Looking for a simple deepstream pipeline (python) which does both super-resolution and detection of objects

I’m a beginner, learning a deepstream pipeline for stream video input files (e.g., “sample_720p.h264” under samples).
Fist of all, I am sure what to start first though… but I’m trying to explain what I have done so far with the current dev. environment.

For practices , just want to extend the “deepstream-test1.py” under “/opt/nvidia/deepstream/deepstream6.1/sources/deepstream_python_apps/apps/” of deepstream6.1 (or 6.2, which doesn’t matter).
→ This example already uses resnet10.caffemodel for the detection of objects. Therefore, I already ran this test1 successfully and learned how this detection works using resnet10 model. Only problem is that I need to know how to combine this with another model for doing “super resolution” on video frames.

For the super-resolution, I have a PyTorch model (e.g., “SRCNN”), and I converted the PyTorch model into .onnx model for deepstream pipeline.

Then, I’m stuck at this point, not sure what to do first.
It seems like this “super-resolution” model can be used with nvinfer or some other elements in the pipeline.
Any reference documentation or examples will be appreciated.

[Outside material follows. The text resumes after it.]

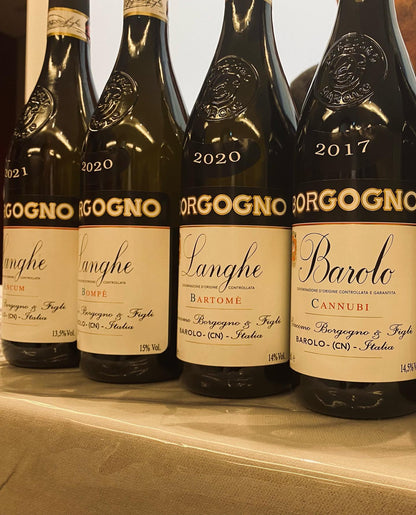 BORGOGNO, Barolo Cannubi, 2017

Thanks!

My environment setting is:
Jetson AGX Orin
JetPack 5.0.2 (L4T R35.1.0)
Deepstream6.1
Python 3.8

Do you want to integrate a “upsampling imags” model into DeepStream? If so, the model will involve video scaling in the pipeline, the original gst-nvinfer is a “in-place” transforming plugin, it can not do video scaling. So you need to customize the functions by yourself.

A customized gst-nvvideotemplate plugin may be used to customized the inferencing based on TensorRT. Gst-nvdsvideotemplate — DeepStream 6.2 Release documentation

Can you tell us which model are you using for “super resolution”?

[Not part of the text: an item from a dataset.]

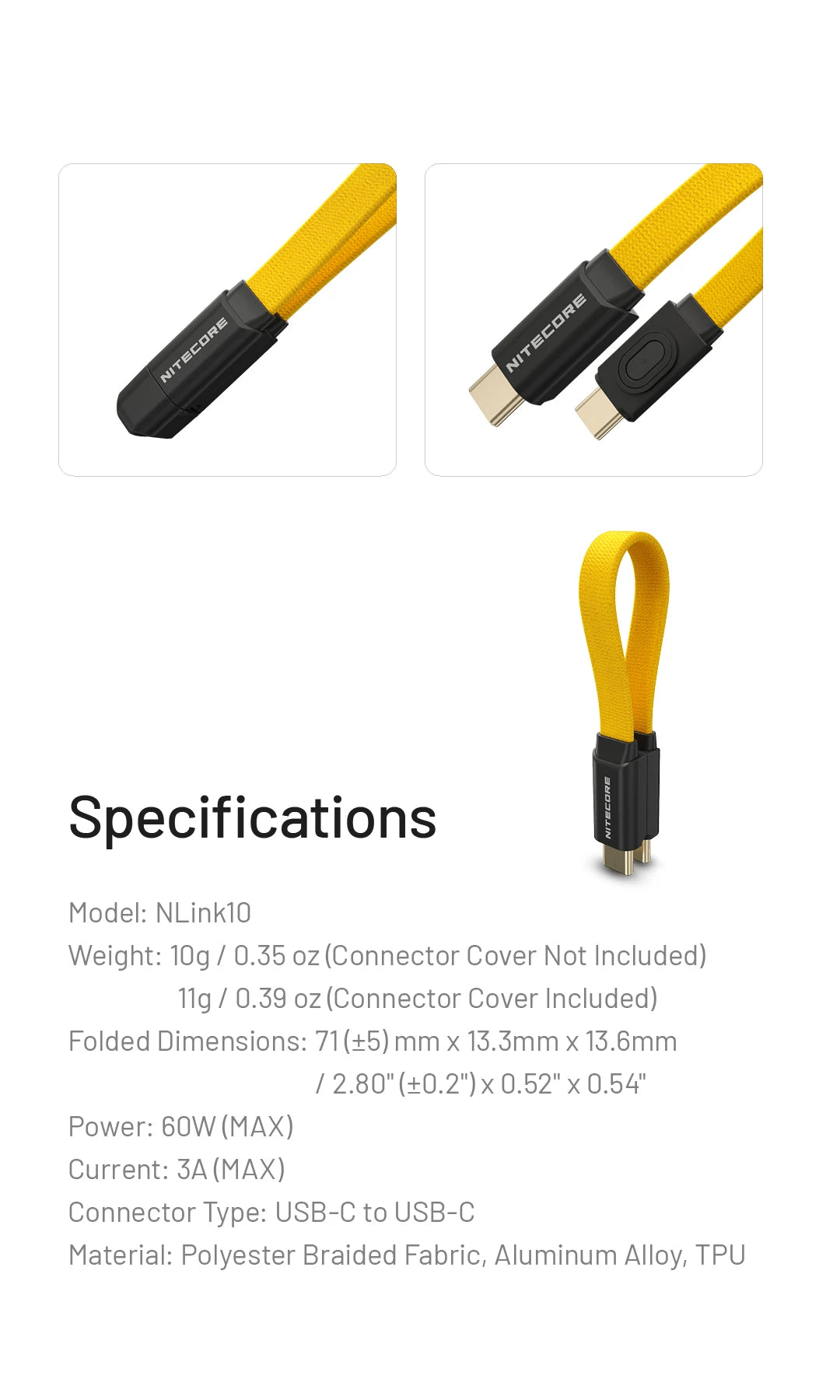 Nitecore USB-C Cable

Hi Fiona, I have the same doubt about how can I apply super-resolution model into deepstream pipeline so I can have an upscaled video in the pipeline? I already converted my SR model to TensorRT

Hello Fiona,
Thanks a lot for references!
I’m using the IDN model (GitHub - yjn870/IDN-pytorch: PyTorch Implementation of Fast and Accurate Single Image Super-Resolution via Information Distillation Network (CVPR 2018)) for “super resolution” – want to integrate this model into Deepstream pipeline with Yolo (already built in the pipeline).
Hopefully I get a bit more details about how to integrate this model into the pipeline; e.b., which .cpp files I should create, what part of the python codes I should modify, and how I configure these files in the configuration file.
Any comments or references will be appreciated.

BTW, I kind of learn that “super resolution” is the same terminology for “upsampling imags” of Deepstream.

@jshin10129

For your model, seems it is pytorch model, you’d better generate the ONNX model from the pytorch model if you want to run the model with our GPU. You can get all model related parameters from the repo you post or just consult the author of the repo.

For the customization, please make sure you have already been familiar with GStreamer and TensorRT - Get Started | NVIDIA Developer before you start with DeepStream.

The c/c++ parts you should implement:

  • you need to implement the TensorRT inferencing with your model by yourself, you can refer to the inferencing implementation in nvinfer library: /opt/nvidia/deepstream/deepstream/sources/libs/nvdsinfer
  • You need to implement the TensorRT inferencing module with nvdsvideotemplate customlib_impl Interfaces. Gst-nvdsvideotemplate — DeepStream 6.1.1 Release documentation

The python part:
You can customize youe own pipeline or use any pipeline in the samples NVIDIA-AI-IOT/deepstream_python_apps: DeepStream SDK Python bindings and sample applications (github.com)

@Fiona.Chen
Thank you so much! this guides me where I should focus on for the implementation.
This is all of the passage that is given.